Questo suo modo di essere nascondeva senz'altro una sofferenza del vivere ma
anche di fare a pugni con la vita, con la sua aria da combattente che non
nascondeva i muscoli; rivolto alle piacevolezze della vita ne assaporava tutti
i risvolti, anche quelli negativi, facendo bilanci amari ma pronto a
scommetterci ancora. Non citerò a questo punto brani di canzoni già citate dal
nostro autore anche perché senza la musica sarebbero sterile cosa e solo una
ripetizione del già detto, ma mi soffermerò a questo punto solo su alcune suggestioni legate ai
titoli dei paragrafi che sintetizzano in maniera efficace il percorso di vita e
poesia di Califano proprio citando titoli o versi delle sue canzoni.
Il primo: Franco
Califano e “gli appunti sull'anima”; la parola “appunti” ci ricorda che gli
attimi, gli incontri segnano più di una costruita strategia di vita, così
l'incontro del nostro con il cantante che sente amico...
Il secondo: Bisogna
sentire e vivere “il tempo piccolo” delle esistenze; nella dimensione
dell'umano quotidiano il lungo tempo dell'esistenza può allungarsi o
abbreviarsi a seconda del peso dell'esperienza vissuta, il tempo, cioè, si
dilata se vissuto intensamente, se non è “occupato”, senecanamente parlando, ma
impegnato nella totalità del sentire così da essere malinconia, dimenticanza,
oblio e noia, mai chiusura...
Il terzo: La
sua “passione nei secoli”; lo studio della parola in Califano, come
l'efficace ritornello “Tutto il resto è noia”, non nasce da giochi letterari ma
da entusiasmi sfiammati in rituali stanchi, dall'eccitazione che sa già di
lontananza, che si colora dell'amaro del distacco che sa inevitabile, dalla
mancanza di sforzo di accettare la fine come armonica conclusione delle
passioni, che si ripetono nel tempo come una normale avventura esistenziale...
Il quarto: Il
Mediterraneo dei viaggi in Califano; un tema caro al nostro autore, quello
del viaggio, di un viaggio con un possibile e auspicabile ritorno perché
include una meta oltre che un percorso ed è un percorso che ci porta da Oriente
ad Occidente, metaforico e reale, in cui convogliare crocevia di linguaggi che
diventano canto...
Il quinto: Di
passioni e di amori; come può un amore trasformarsi in poesia e in più in
poesia da cantare? E' di solito un amore finito, ma non amaramente perché ha
alimentato la gioia di raggiungere l'ineffabile, la perfezione ed è possibile
che essa risieda proprio nella stessa finitezza dell'amore; è l'inappagato
desiderio che continua a rinascere ogni volta e che per questa sua necessaria
ripetitività sembra essere eterno; è la sfrontata ricerca della verità di cui
non si ha paura ma anzi si aspetta con ansia che si ripeta ancora...
Il sesto: Franco
Califano e il mistero dell'amore come dono; anche in questo caso valgono le
riflessioni già espresse per il paragrafo precedente.

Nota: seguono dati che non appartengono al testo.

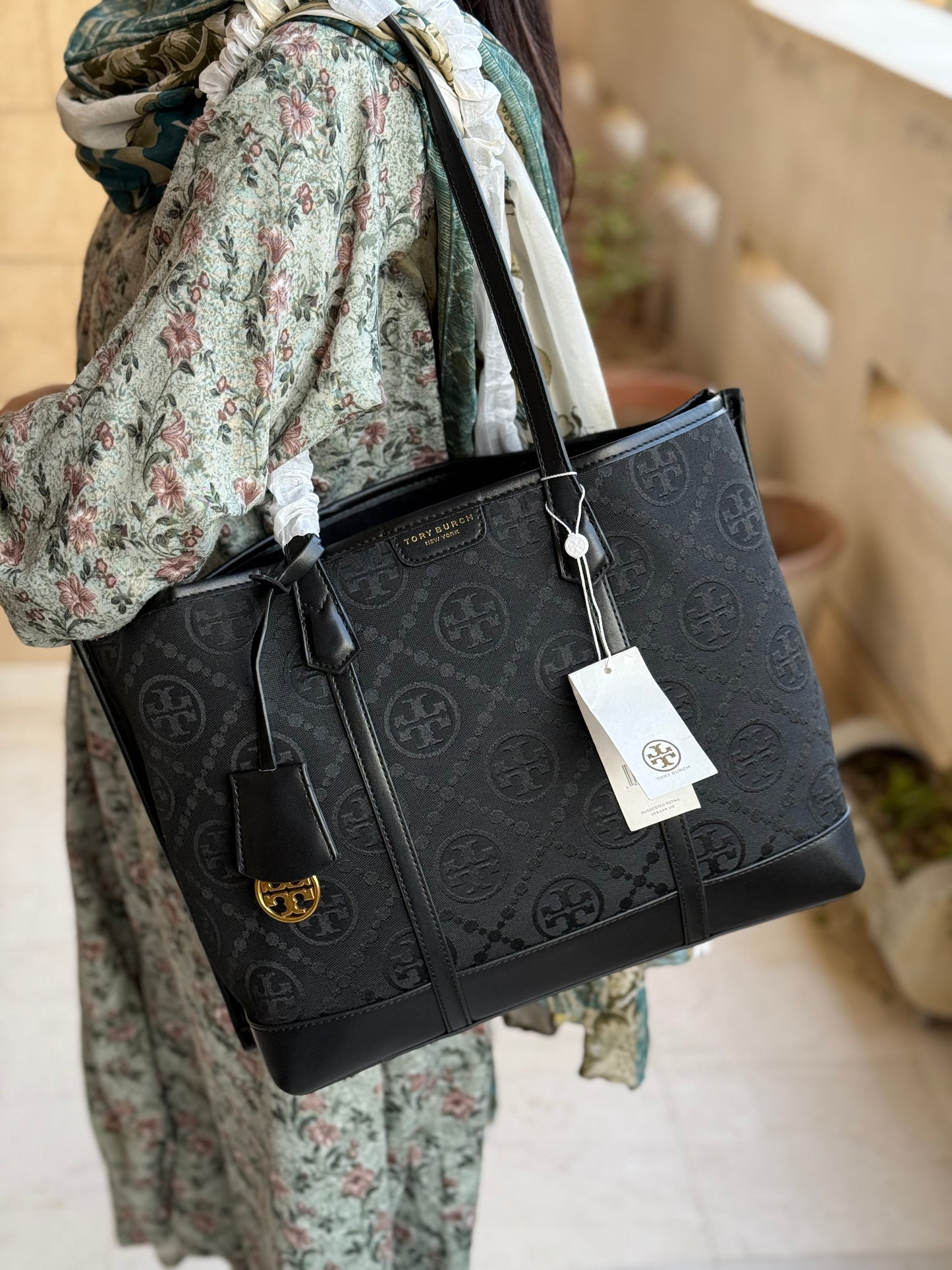 .Tory Burch Perry Monogram Tote Bag!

E si continua poi con “...saprò essere il tuo poi...”, “Non sono passati mica secoli”,
“Io per amarti” ti porterò una collana di stelle, in cui P. Bruni parla di
Califano come di un viaggiatore tra le emozioni e sono quelle del padre, di una
donna, dell'amore per l'amore, del suo raccontarsi nell'accento “primitivo” del
vocabolario, e infine Una preghiera: Dio
fai in modo che lei rimanga nella mia vita, che contempla il tema
fondamentale di tutta la produzione di Califano, l'amore condensato nello
sguardo: “Il Dio pregato porta gli occhi negli occhi e salva sempre”; è il
Califano più recente che ancora sempre e fino all'ultimo dedica la sua vita
all'amore, all'amore come ricerca, come abbandono, come dimensione dell'essere,
come richiamo continuo alla nostalgia, al bisogno di vivere ancora con
l'infinità del desiderio, la magia che solo gli uomini sanno creare e di cui,
quando non c'è, sentono dolorosamente la mancanza.
E' questo l'unico tema del viaggio poetico di Franco
Califano e se egli è stato poeta è perché è riuscito a non farsi schiacciare
dalla malinconia, ma ha saputo temperarla con l'ironia che lo salva dal
compiacimento del dolore per vivere pienamente e senza timori...
Usando per l'ultima volta le parole dello stesso
Califano, citate da Pierfranco Bruni, “io vivo soltanto per essere me” e … “Tutto il resto è noia”.